### About this task
Only the lines from the one with "Günümüz Kutlu, Kardeşliğimiz" to the end of the data below should be given again, exactly as written.

BEGIN Task input

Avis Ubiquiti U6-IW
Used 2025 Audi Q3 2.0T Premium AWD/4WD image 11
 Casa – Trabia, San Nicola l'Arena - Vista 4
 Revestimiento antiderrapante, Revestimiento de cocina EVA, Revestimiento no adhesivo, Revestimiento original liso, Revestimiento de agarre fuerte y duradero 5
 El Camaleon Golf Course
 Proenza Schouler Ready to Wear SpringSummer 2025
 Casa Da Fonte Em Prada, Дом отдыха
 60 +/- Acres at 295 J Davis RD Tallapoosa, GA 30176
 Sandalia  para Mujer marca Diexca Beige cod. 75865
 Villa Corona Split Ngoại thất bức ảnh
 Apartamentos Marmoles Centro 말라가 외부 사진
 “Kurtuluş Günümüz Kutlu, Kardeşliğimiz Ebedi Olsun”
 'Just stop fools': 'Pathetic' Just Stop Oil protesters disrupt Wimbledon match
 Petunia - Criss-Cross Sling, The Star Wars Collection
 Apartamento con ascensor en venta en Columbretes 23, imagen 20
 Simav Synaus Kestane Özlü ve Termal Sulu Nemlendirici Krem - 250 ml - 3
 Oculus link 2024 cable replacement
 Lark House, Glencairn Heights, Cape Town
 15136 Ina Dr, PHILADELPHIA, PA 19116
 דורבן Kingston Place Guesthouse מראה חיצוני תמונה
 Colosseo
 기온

END Task input

### Response area
 “Kurtuluş Günümüz Kutlu, Kardeşliğimiz Ebedi Olsun”
 'Just stop fools': 'Pathetic' Just Stop Oil protesters disrupt Wimbledon match
 Petunia - Criss-Cross Sling, The Star Wars Collection
 Apartamento con ascensor en venta en Columbretes 23, imagen 20
 Simav Synaus Kestane Özlü ve Termal Sulu Nemlendirici Krem - 250 ml - 3
 Oculus link 2024 cable replacement
 Lark House, Glencairn Heights, Cape Town
 15136 Ina Dr, PHILADELPHIA, PA 19116
 דורבן Kingston Place Guesthouse מראה חיצוני תמונה
 Colosseo
 기온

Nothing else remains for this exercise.